Y cuando uno se topa con ella, y de refilón, le mancha, los dedos se quedan impregnados de una especie de chicle negro y asqueroso que es difícil de limpiar.

Ahí está la corrupción, frente a nuestros ojos.

Últimamente sale a borbotones. Una alcantarilla llena de putrefacción que se desborda. Al principio sutilmente. Aquí. Allá. Ahora como géiser que no para. Sigue saliendo y saliendo… y una se pregunta si esto no tiene fin.

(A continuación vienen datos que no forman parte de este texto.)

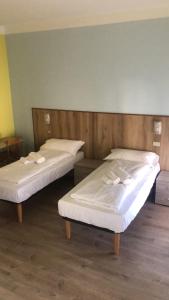 Postel nebo postele na pokoji v ubytování Hotel Garden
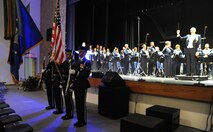 The U.S. Air Force Honor Guard Color Team stands at the position of present arms during the National Anthem Oct. 21 at the Tassel Performing Arts Certer, Holdrege, Neb. The colors team traveled with the U.S. Air Force Band on their 25-day community relations tour honoring veterans, inspiring patriatism all while showcasing the Air Force mission. (U.S. Air Force photo by Airman 1st Class Tabitha N. Haynes)
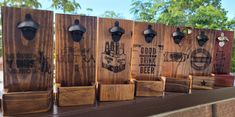 four wooden boxes with different designs on them sitting on a table outside in front of some trees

Ya está viendo la luz. Haciéndose visible a nuestros ojos. La intuíamos y ahora la vemos. Uno puede pensar que ese salir a la luz es quizá suficiente para purgarla, para que se limpie, para que no vuelva a ocurrir, para que no se produzca más. Pero no. Sigue pasando y la luz no la transforma, y, sin embargo, es necesario que el sol la bañe.

Ese dedo acusador ayuda a que cada uno de nosotros evite el camino. Porque aquí no hay nada blanco o negro. Y en cada uno de nosotros (por muy buenicos que nos creamos) habita algo de corrupción. Aunque sea una micra. Nadie está libre.

La buena noticia es que el camino se elige. Se elige transitar por la vida sin mancharse las manos. Se elige corromperse y ser corrompido. Se elige corromper al otro. Lo elegimos todos, cada día. Lo elegimos en gestos cotidianos a los que no damos importancia. Gestos, en principio, insignificantes, pequeños. Incluso en esos ellos elegimos transitar por uno u otro camino.

Corrupción o inocencia. Uno de los dos. No hay más. Y en cada gesto se apuesta por uno o por otro. Ahí sí que no hay medias tintas.

Inocencia. Ese es el antídoto. El opuesto. Inocencia como alma libre de culpa. Sin mala intención. Sin mácula. Lo que no significa que seas la abeja maya o los lunnis, ni que no te vayas a equivocar una y mil veces. Significa que tus actos están limpios. Que hay buena voluntad en ellos. Que sabes, en tu fuero interno, que está bien. No bien y mal desde lo que nos han dicho que es bueno o malo, sino desde ti. Desde lo que sabes que es ético.

En ocasiones la inocencia teme a la corrupción. Teme caer. Teme mancharse. Teme a la corrupción en sí misma. Teme mirarle a los ojos y hacerse pequeña, débil, infantil.

Ocurrirá hasta que aprendamos la fuerza de la luz. No su superioridad, sino su fuerza. La de esos ojos limpios, que miran sin miedo a ser contagiados. Que sostienen la mirada corrupta firmes, sin dureza, sin juzgar y sin saberse mejor, pero tampoco peor. Y, por supuesto, nunca más débil.

Sostener la mirada como se sostiene una opción de vida; la de quien transita el camino, desde la inocencia.